Our guide has chosen a promising way over our little impediment, but . . .
. . . we've found a more promising one, we believe.
Our guide has underestimated his foe. Who knows what lies under a smooth slope of snow?
Whilst our chosen route appears to be easy-peasy
We're almost up. We'll shout down at our guide and photograph his struggles.
We find our guide awaiting us impatiently. Which may be why he's the guide and we're not.
On the other hand, our guide doesn't remember that snow-covered fallen trees are usually hollow underneath, like little snowshoe traps.
The trick is to leap up onto the tree trunk, and then jump!
Here's another stone wall -- so over we go. But we think we recall that there are only two stone walls in this vicinity, so . . . surprise, we know where we are now.
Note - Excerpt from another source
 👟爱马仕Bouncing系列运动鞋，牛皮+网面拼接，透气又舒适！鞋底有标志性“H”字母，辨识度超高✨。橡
This is the old Chemin des Crêtes long-distance hiking path -- this long section was abandoned years ago, and the new Chemin runs along parallel to us on the ridge through open meadows about 40 meters below on the right. We've always preferred the unsignposted old trail.
Half a kilometre farther along to the southwest, at a subtle junction in the ways, our guide is exploring his memory with not much luck so far.
Happily, we're able to suggest that we should be going back up to the ridge and down the Lake Geneva side of it.
Over the ridge and down the hill, on a real path this time.
One of the few landmarks in this area, the Fontaine Valier, about 20m below the ridge line, overlooking the Pré de Rolle and ultimately Lake Geneva.
The Fontaine Valier is special -- one of very few water sources in the porous limestone of the Jura, and the one highest up along the summit ridges, since 1720 it's been canalized off for the livestock in the pastures down below. In the early 1990s the system was renewed and the fountain's trough was set up here -- "Ce site est placé sous la sauvegarde du public!"
Long lines of pesky rockbands attend us as we try to progress back northeastward . . .
. . . with no end in sight, so . . .
. . . we're agreed that wrestling our little plastic snowshoes over a possibly huge series of obstacles all the way back up the hill is just not on.
But our way forward is blocked by cliffs (another lapse of memory), so if not up, then down.
As it happens, our normally imperfect memories are trying to convince us that this is actually a path, however unmarked it may be, that might well lead us to a place we'd like to go to.
Taking an important call
Our memories, as pure luck would have it, were correct -- here is a junction of marked hiking and mountain biking trails, and we have but to plod up the well-packed path to Marchairuz.
But we can't do it. The joys of wandering mostly lost are too powerful, and we'll find our own way home, many thanks.
The general direction is correct, judging by the sun behind us, so how hard could this be?
Actually, we're following the prompts and cues of memory again, but this time it's not working out as well.
But the general direction is correct. Judging by the sun.
A familiar sight, not far from the hotel at the Col du Marchairuz
And the sounds of automobiles near the col. We're on the marked trail again.
And Dr Joe's car is still where we left it.